How to Catch AI-Generated Bugs with Layered Code Review
AI coding assistants made developers genuinely faster.
A developer using Codex or Claude Code can produce thousands of lines of code in just a few days. Jellyfish’s 2025 research put a number to this. Teams with high AI adoption saw PRs per engineer jump by 113%, more than doubling output per engineer.
More PRs also mean more code to review, and review capacity doesn’t scale with output. As PRs come quicker than review capacity, teams devise ways to prevent backlogs. PRs are skimmed. Reviewers check that tests and linters pass, or have their coding agent review the code. Then they approve and the code ships.
Tests confirm the code runs, linters catch style and syntax, and a coding agent review validates patterns it already recognizes. None of them reliably catch logic errors or unintended behavioral changes, or architectural choices that compound quietly across sprints.
Why Your Coding Agent Can’t Review Its Own Code
Having your coding agent review its own code is a logical approach.
It wrote the code, so asking it to review it makes sense. The problem is the agent operates from the same context, the same assumptions, and the same training distribution it had when writing the code.

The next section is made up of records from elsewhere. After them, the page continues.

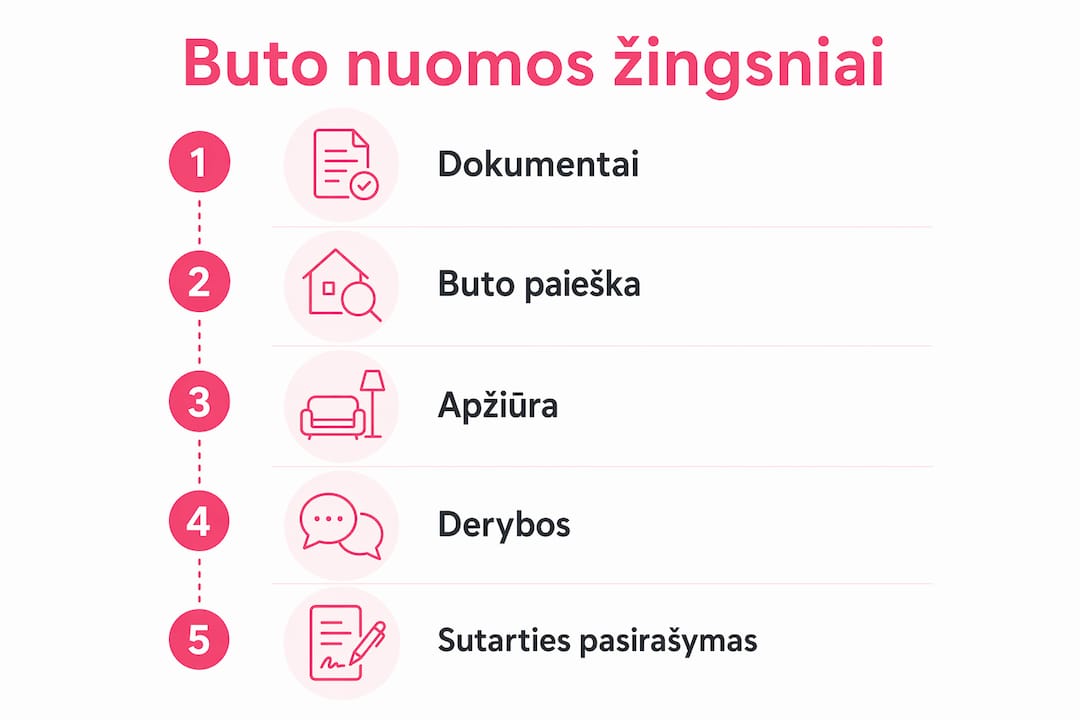 Butų nuomos proceso etapai – vizualiai pateikti infografike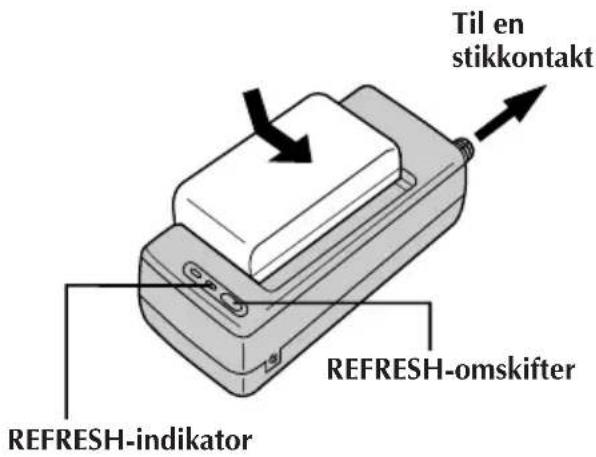 JVC AAV15EG - ANVENDELSE AF REFRESH-FUNKTIONEN - 1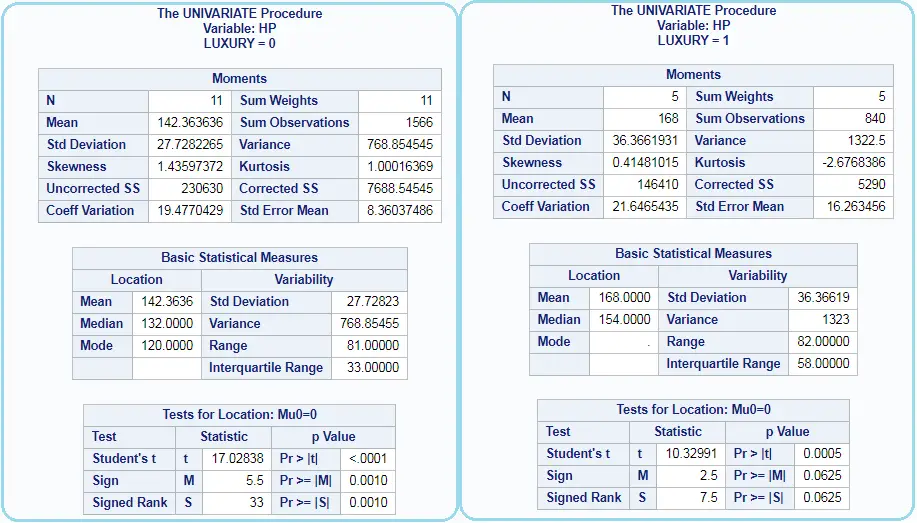 Summary or Descriptive statistics in SAS 7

When it reviews that same pattern, it confirms it looks correct, because it’s looking at something familiar.
What you need is an independent perspective of your code.
According to a 2025 study across 14 open source non-reasoning LLMs, models failed to correct errors in their own outputs nearly two-thirds of the time, while successfully correcting identical errors attributed to external sources.
Your agent is still a valid part of your code quality workflow, but it should be one layer in the review stack, not the whole stack.
The 3 Review Levels for AI-Generated Code
A layered code review approach reviews AI-generated code at three levels of the workflow, before the code is written, after the code is written, and before the PR is merged.
Generation Guardrails are the instructions you add to your agent’s instruction files, whether that’s AGENTS.md or CLAUDE.md. When you define naming conventions, security rules, and architectural constraints there, the coding agent applies them during generation, meaning the code that reaches review is already cleaner.
Independent Agent Review puts a separate agent on the diff after the code is written. This can be a sub-agent spawned from the same tool with a different system prompt, or a different model entirely. The point is that it carries none of the prior reasoning that shaped the implementation, no assumptions, no decisions already made. The agent that wrote the code has already committed to those choices. A reviewer with no memory of making them will question them.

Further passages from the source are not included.